On the Saturday afternoon of September 28, Berlusconi told several aides that he wanted to end the government because he was angry about a planned increase in Italy's sales tax. But according to several people close to both Alfano and Berlusconi, the underlying reason was the tax fraud conviction.
Alfano shared Berlusconi's belief that leftist opponents were exploiting the tax conviction to end Berlusconi's political future once and for all, according to these people. But Alfano didn't feel this was enough reason to bring down the government. Opinion polls were showing little appetite for an election. When Alfano received the call from Niccolo Ghedini, Berlusconi's longtime lawyer who is also a PDL senator, telling him to resign, Alfano felt his mentor was hanging him out to dry.
"Before then, Alfano always felt that he was Berlusconi's successor. But this time, he felt his position was in danger. It was a question of his own survival," said a person close to Alfano.
Alfano quickly arranged a meeting at his house with other PDL ministers. They decided to comply with Berlusconi's order to resign, as a show of loyalty to the party founder, according to people with knowledge of the meeting. But they also planned to let the public know that they were not happy about it.
The ministers' resignation meant the government no longer had the support of one of its two key parties and hence was essentially dead. Letta, who had just returned from a trip to New York, would have to call a confidence vote in parliament to ascertain whether there was any chance his government could proceed.
But by Sunday and Monday, it was clear the PDL was on thin ice too. Alfano himself issued a statement saying he was "diversamente Berlusconiano," or "a different kind of Berlusconian" - a way of distancing him from party hawks like Ghedini.
By late Monday, some 20 senators had rallied around Alfano and decided they were going to defect and vote in favor of the Letta government during the confidence vote, according to people involved in the discussions. That would be enough to tip the balance in the upper house, where the decisive showdown would take place.
For two days Berlusconi wavered, torn between the defectors and hardliners, according to people close to the premier. On Wednesday morning, just as he entered parliament, the former premier realized he could not stop Letta from winning the vote. His goal became to try to hold the party together, they added.
As the debate wound up, Berlusconi stood up in the Senate and announced that "not without some internal strife", he would support the government. Amid a mix of applause and jeers, Berlusconi sat down and put his face in his hands.
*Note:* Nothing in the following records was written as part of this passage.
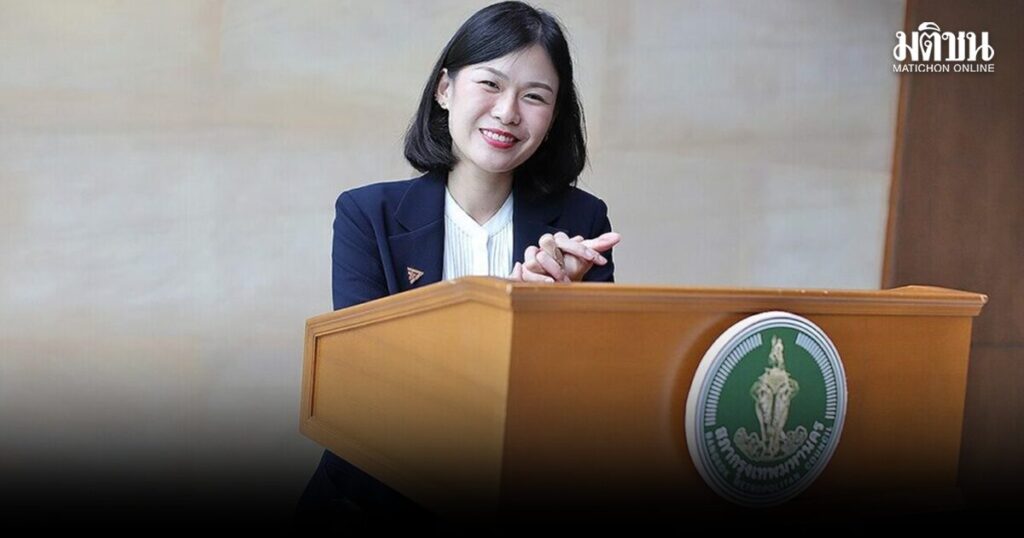เปิดโปรไฟล์ลึก (ว่าที่) ส.ก.บางซื่อ 2 สมัย ภัทราภรณ์ เก่งรุ่งเรืองชัย ผู้ท้าชิงประธานสภากทม.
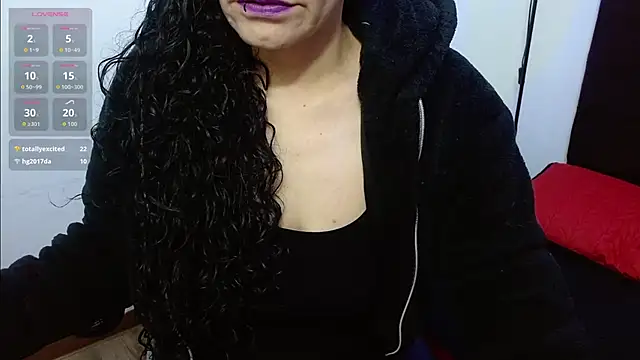 Snapshot of AlexandraJones_ chatting on September 24, 2:10 am AlexandraJones online show from September 24, 2:10 am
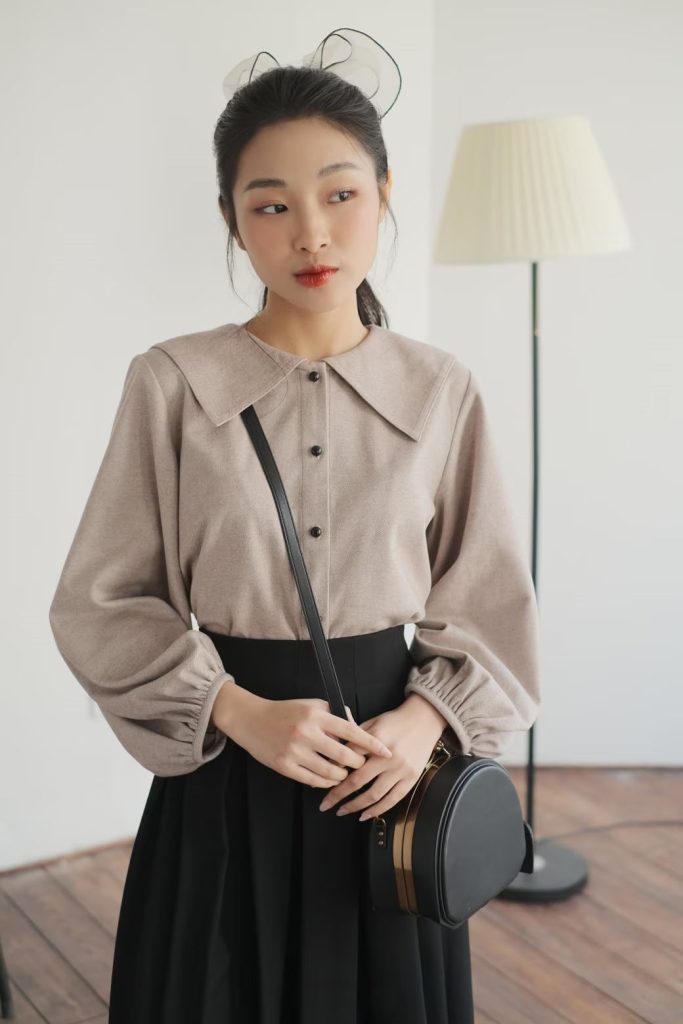 شومیز یقه ملوانی کرم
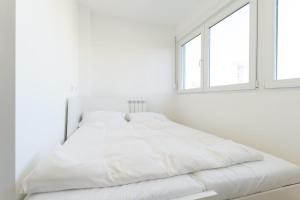 Sunny Apartment with Balcony and great Wi-Fi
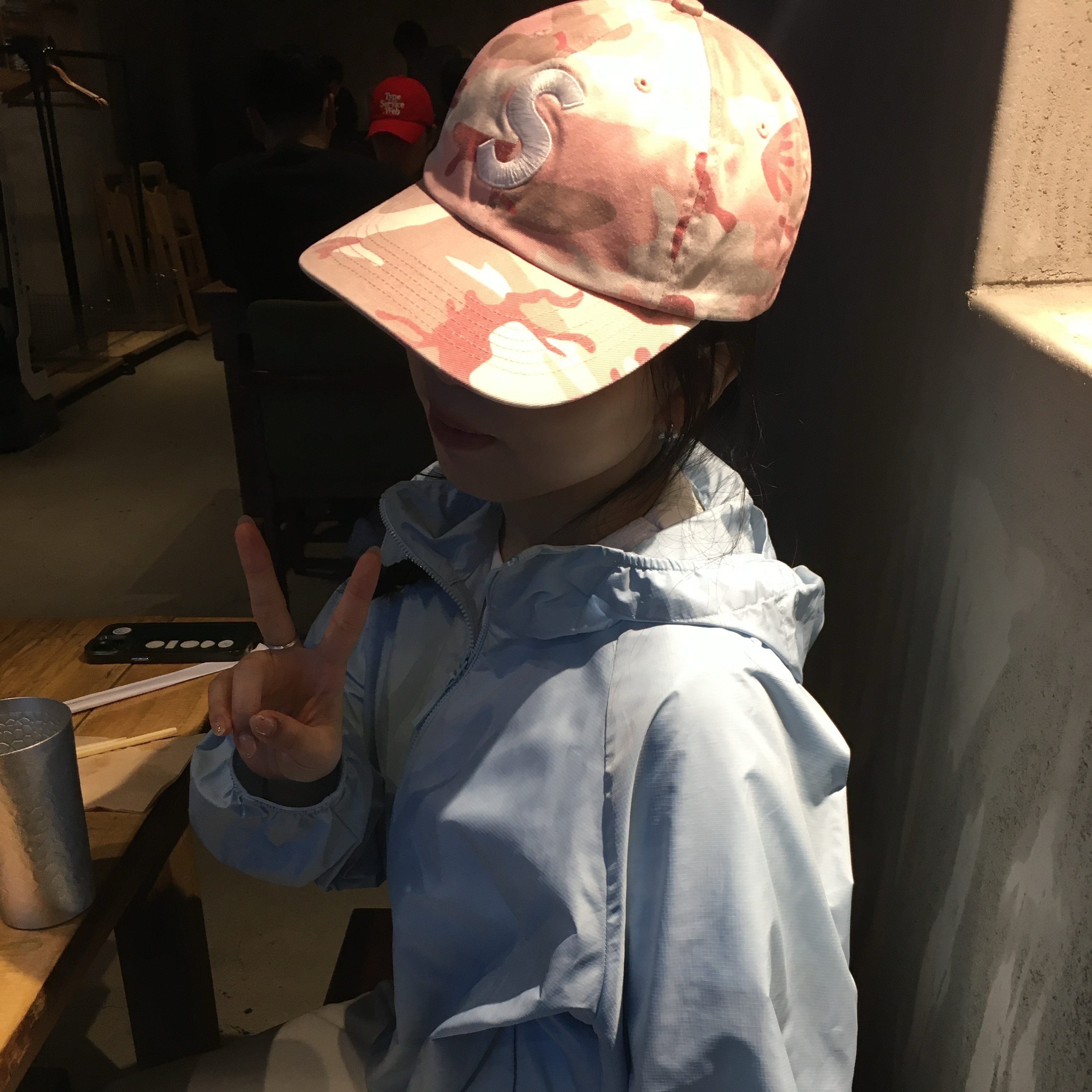 Supreme Pigment Coated S Logo 6-Panel Pink Camo - 25SS 착용 스타일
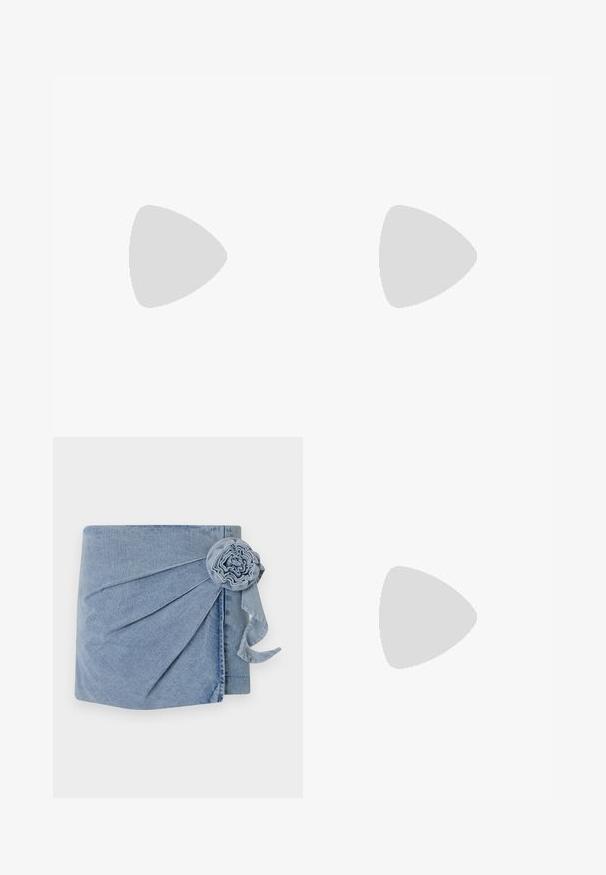 Vit ärmlös topp med en volangkrage och en stor, dekorativ blomaccent på ena sidan; slät textur, åtsittande design.; Denimomslag i ljusblå nyans, med intrikata veck och en dekorativ blomaccent med en hängande sidenband. Mjuk textur och avslappnad design.; Svart läderballerinaskor med rund tå, slät yta, minimala söm detaljer och en flexibel sula.; Brun läderhandväska med klaffstängning, guldfärgad hårdvara, axelrem och en slät yta. Kompakt rektangulär form.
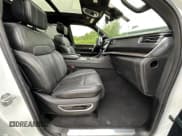 ✅ 2022 Jeep Grand Wagoneer Series I • VIN: 1C4SJVEJ7NS191397 • Лот: 62899895. Опубликован ранее на Copart с пробегом 18 595 миль. Бесплатный доступ к архиву аукционных продаж из США и подробный отчёт об истории автомобиля на DreamBid. Изображение 5.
"It was an absolute shock. We were told 5 minutes before," that Berlusconi had decided to support Letta, said an aide to one of the most senior PDL figures.
Today, the party hierarchy is doing its best to suppress any signs of division. The PDL's parliamentary whip sent out a letter to all lawmakers this week with clear instructions: "There are different visions for the future but there is one certainty for everyone - the charismatic leadership of Silvio Berlusconi, whose order to remain united should be followed without ifs and buts."
Many in the PDL believe Berlusconi and Alfano will try to patch things up in order to keep the party together. Yet others within the party are agitating for a change in leadership. Former Regional Affairs Minister Raffaele Fitto and the mayor of Verona Flavio Tosi have both indicated they are ready to challenge Alfano to take over the centre right. Marina Berlusconi, the former prime minister's 47-year old daughter is also a possible successor if she decides to enter politics, people close to the former premier say.
Fresh from the coup, Alfano now has the best chance to win over a party long used to its domineering leader, friends and colleagues say. But it won't be without further internal struggles, insiders say.
"If things head towards replacing Berlusconi with Alfano," said one ministerial aide involved in the discussions within the PDL, "it will be a revolution."